== RAW DATA

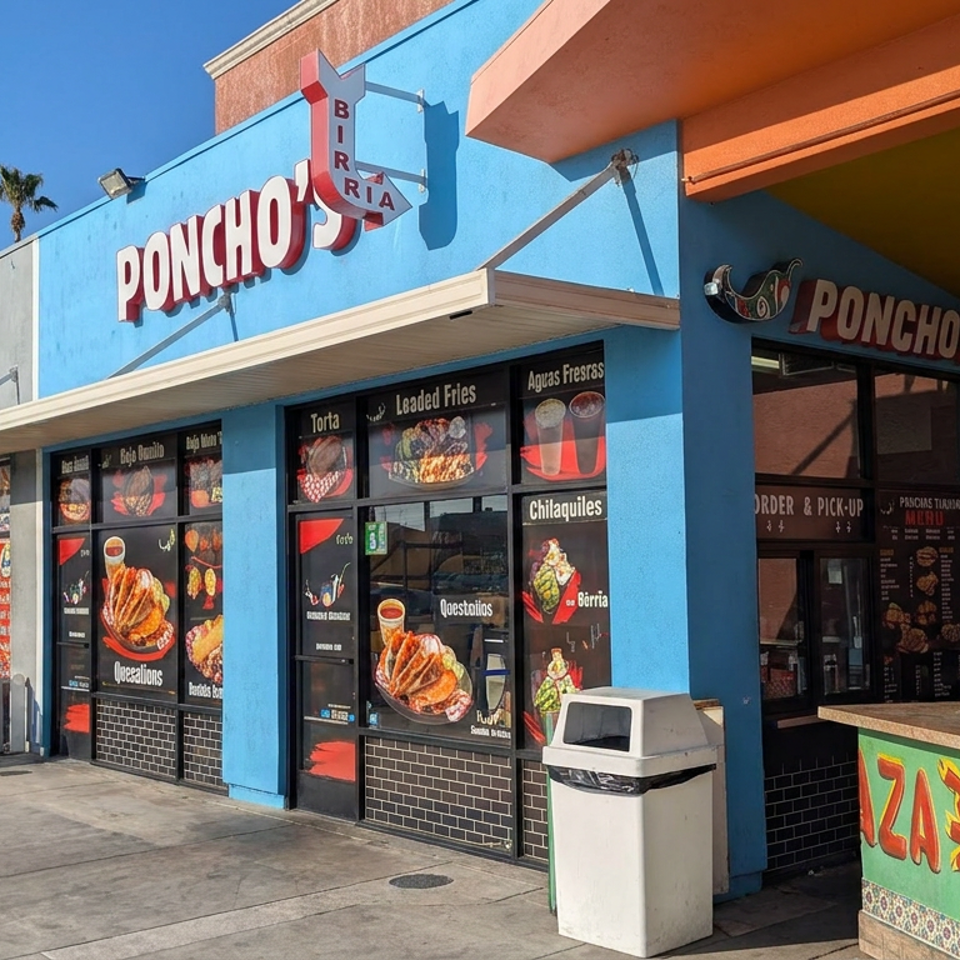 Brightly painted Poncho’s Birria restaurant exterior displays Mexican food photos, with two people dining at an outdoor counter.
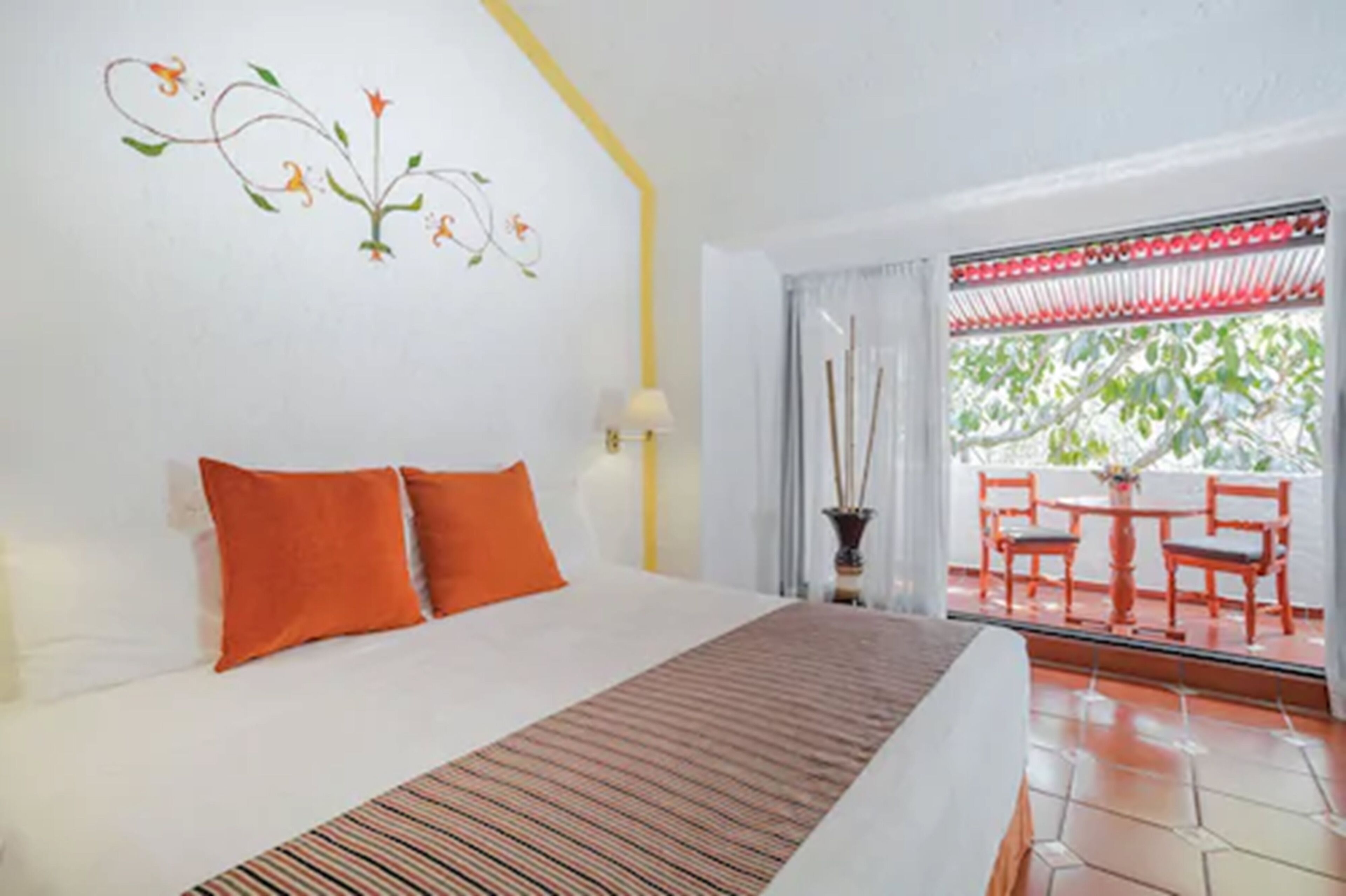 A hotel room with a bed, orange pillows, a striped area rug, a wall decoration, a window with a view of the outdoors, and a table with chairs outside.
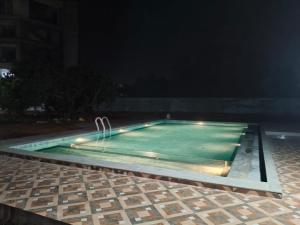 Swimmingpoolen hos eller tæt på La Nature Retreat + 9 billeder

====

DIRECTIONS
Repeat the listing verbatim, pictures excluded.

OUTPUT
 Brightly painted Poncho’s Birria restaurant exterior displays Mexican food photos, with two people dining at an outdoor counter.
 A hotel room with a bed, orange pillows, a striped area rug, a wall decoration, a window with a view of the outdoors, and a table with chairs outside.
 Swimmingpoolen hos eller tæt på La Nature Retreat + 9 billeder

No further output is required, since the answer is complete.